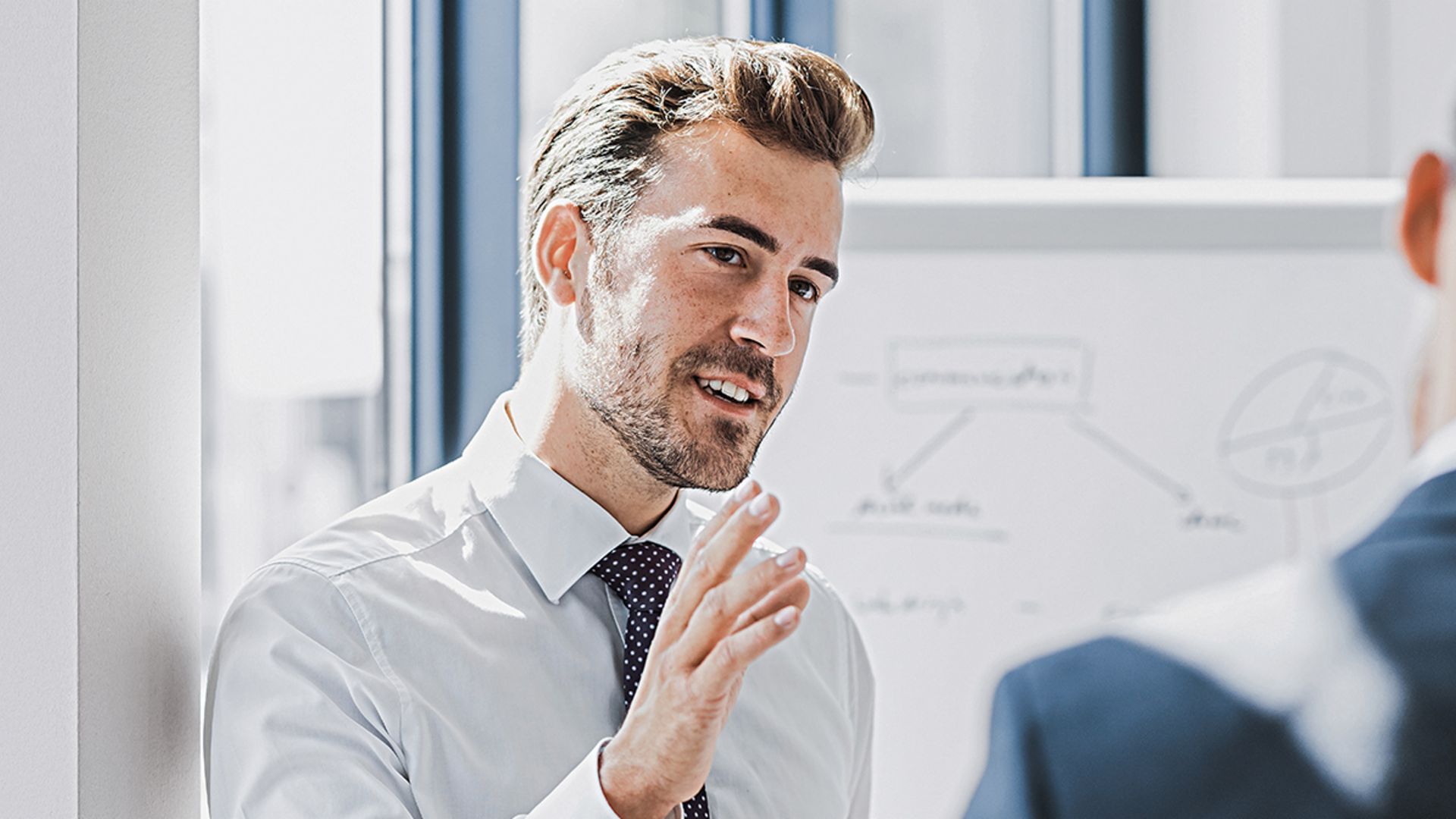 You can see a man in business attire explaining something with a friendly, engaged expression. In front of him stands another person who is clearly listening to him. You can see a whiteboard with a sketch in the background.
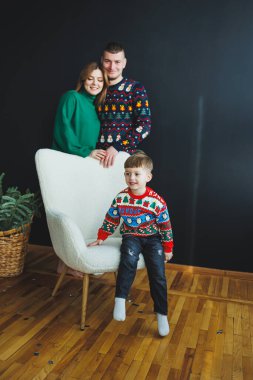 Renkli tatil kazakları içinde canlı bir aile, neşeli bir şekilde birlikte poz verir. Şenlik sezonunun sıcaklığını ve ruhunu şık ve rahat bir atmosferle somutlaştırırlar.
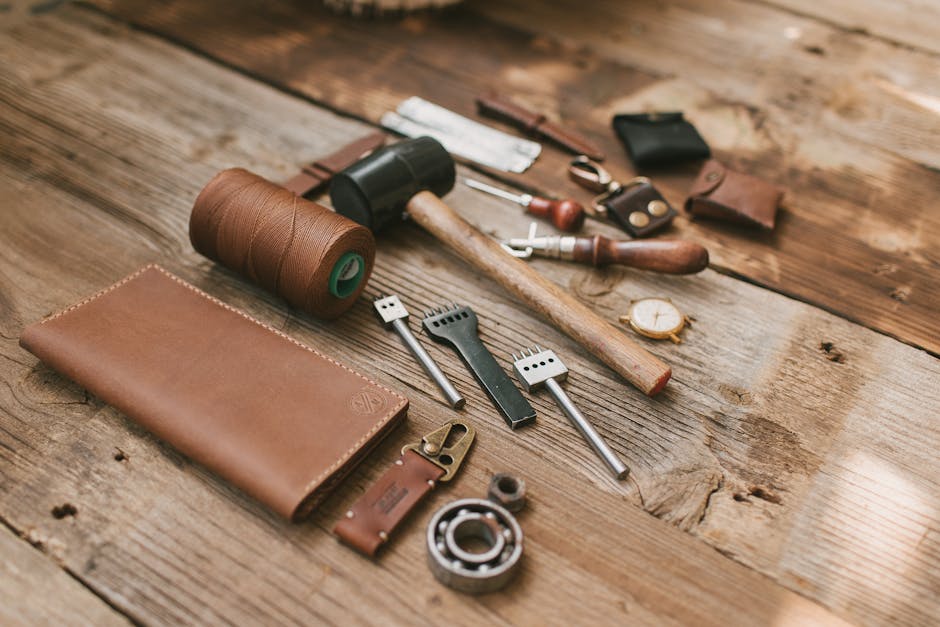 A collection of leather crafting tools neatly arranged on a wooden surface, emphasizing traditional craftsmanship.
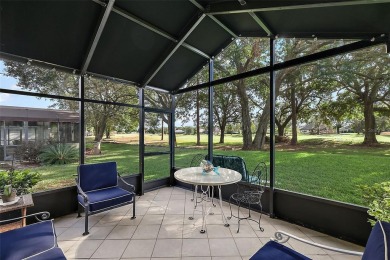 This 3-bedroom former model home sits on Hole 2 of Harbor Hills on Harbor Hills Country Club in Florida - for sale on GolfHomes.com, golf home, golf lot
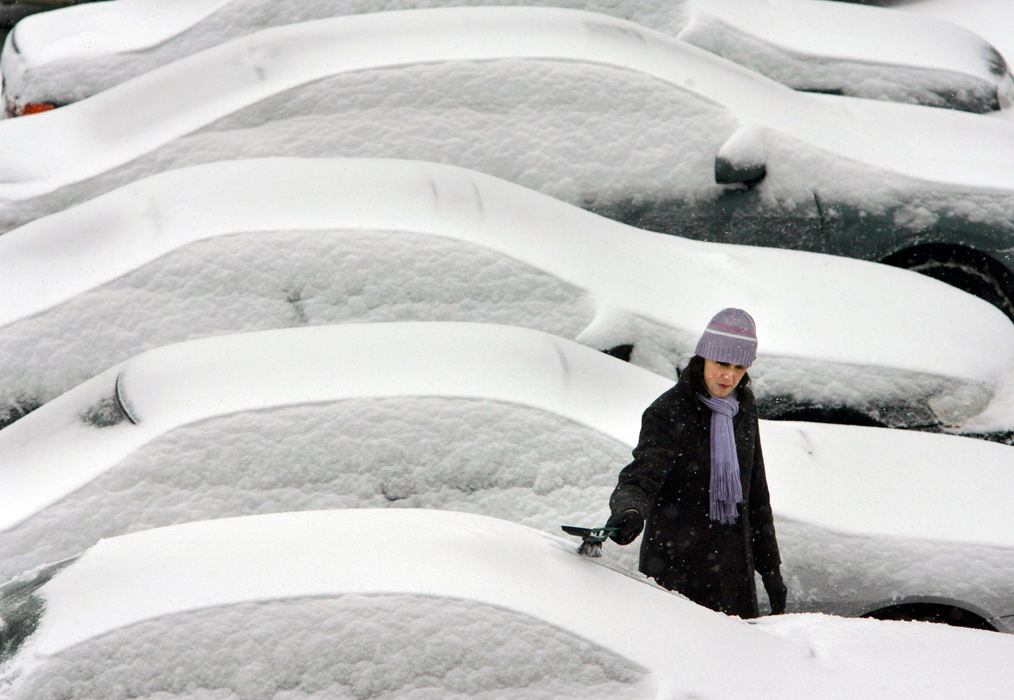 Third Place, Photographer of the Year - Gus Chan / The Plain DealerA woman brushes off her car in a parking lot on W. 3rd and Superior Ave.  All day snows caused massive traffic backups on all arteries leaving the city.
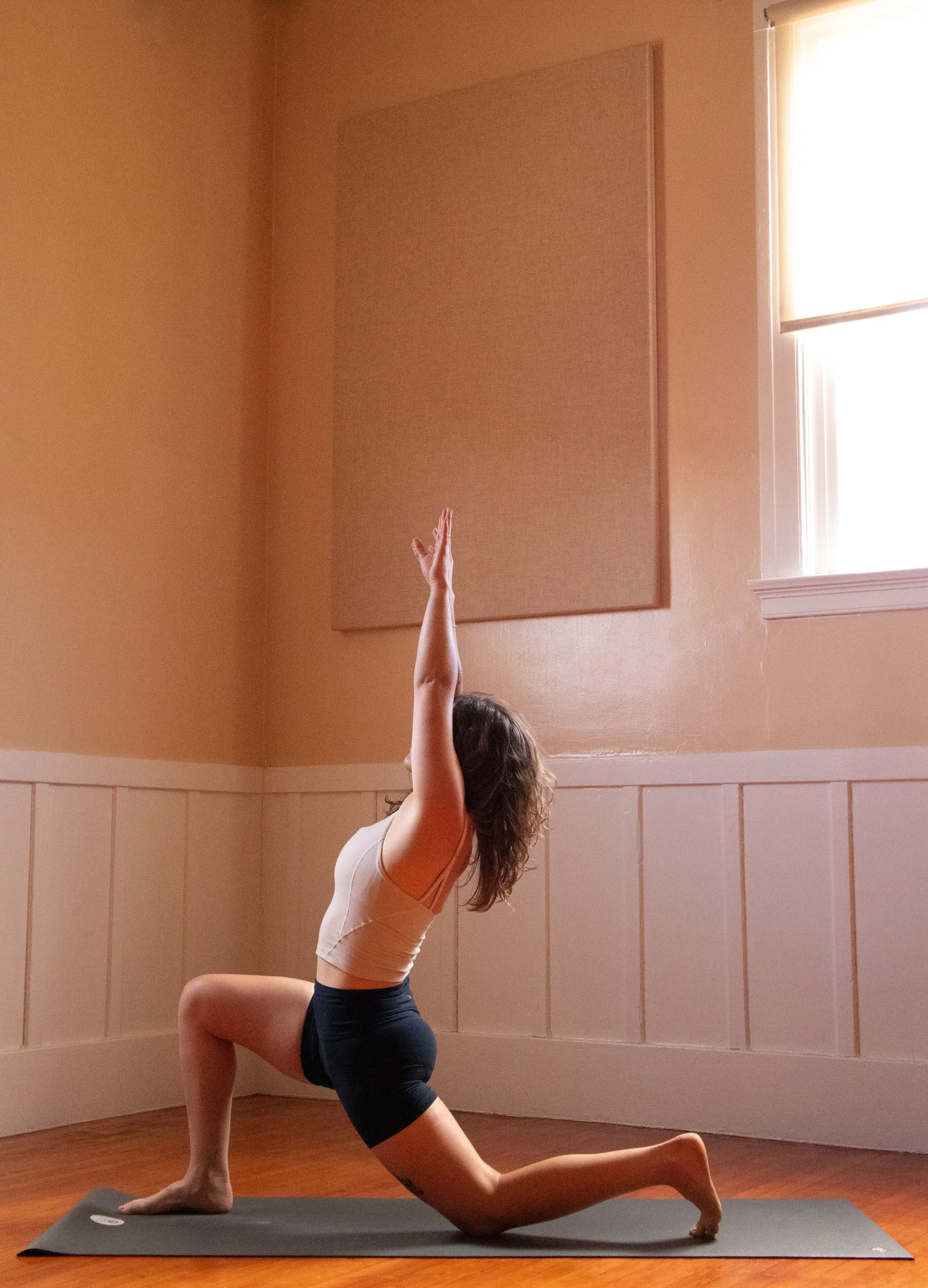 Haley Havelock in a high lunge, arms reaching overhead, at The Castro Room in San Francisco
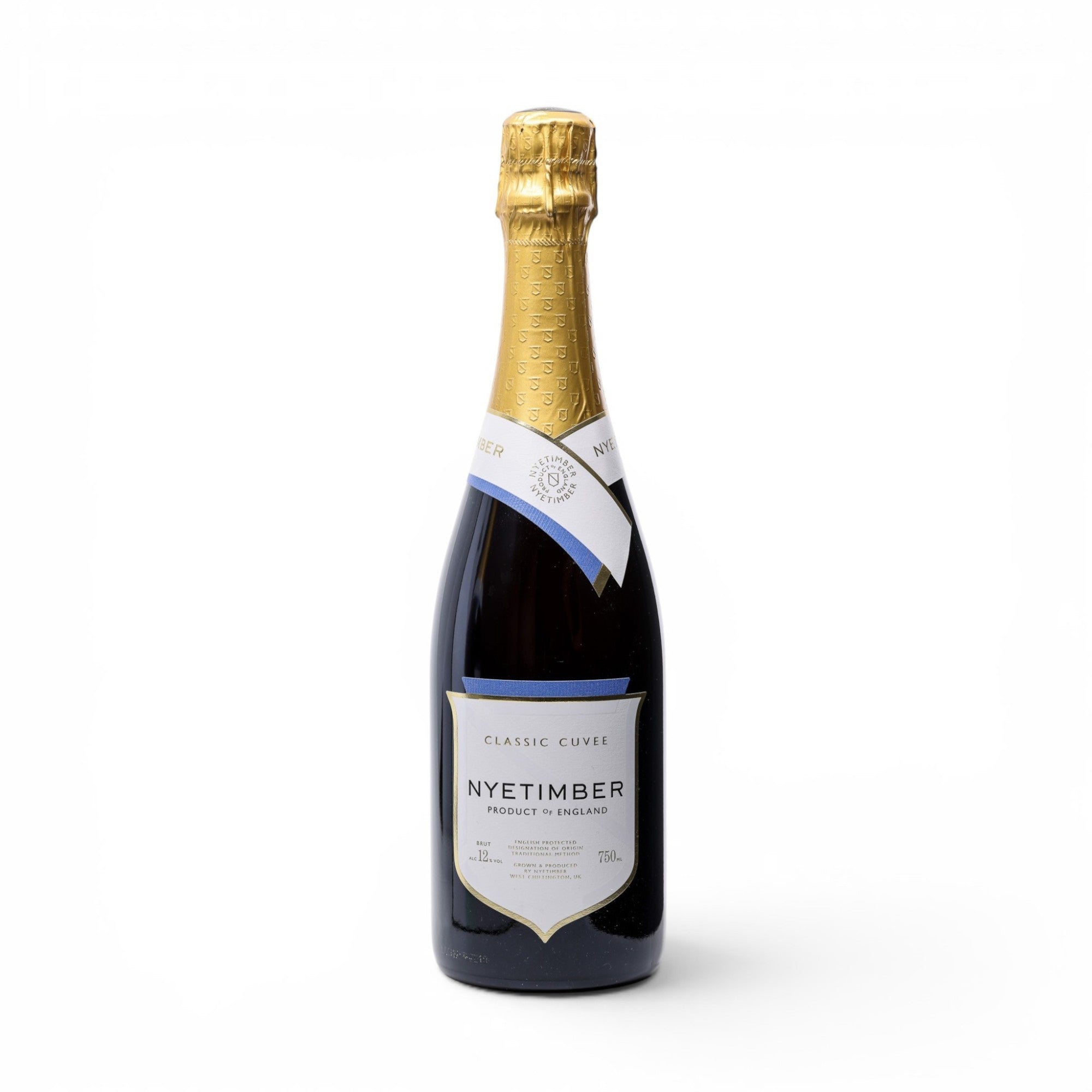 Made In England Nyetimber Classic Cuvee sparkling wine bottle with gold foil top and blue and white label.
◇ ◇ ◇ ◇
What this task involves | Return the preceding entries exactly, each word as given, but leave out any picture.

Result of the task |
 You can see a man in business attire explaining something with a friendly, engaged expression. In front of him stands another person who is clearly listening to him. You can see a whiteboard with a sketch in the background.
 Renkli tatil kazakları içinde canlı bir aile, neşeli bir şekilde birlikte poz verir. Şenlik sezonunun sıcaklığını ve ruhunu şık ve rahat bir atmosferle somutlaştırırlar.
 A collection of leather crafting tools neatly arranged on a wooden surface, emphasizing traditional craftsmanship.
 This 3-bedroom former model home sits on Hole 2 of Harbor Hills on Harbor Hills Country Club in Florida - for sale on GolfHomes.com, golf home, golf lot
 Third Place, Photographer of the Year - Gus Chan / The Plain DealerA woman brushes off her car in a parking lot on W. 3rd and Superior Ave.  All day snows caused massive traffic backups on all arteries leaving the city.
 Haley Havelock in a high lunge, arms reaching overhead, at The Castro Room in San Francisco
 Made In England Nyetimber Classic Cuvee sparkling wine bottle with gold foil top and blue and white label.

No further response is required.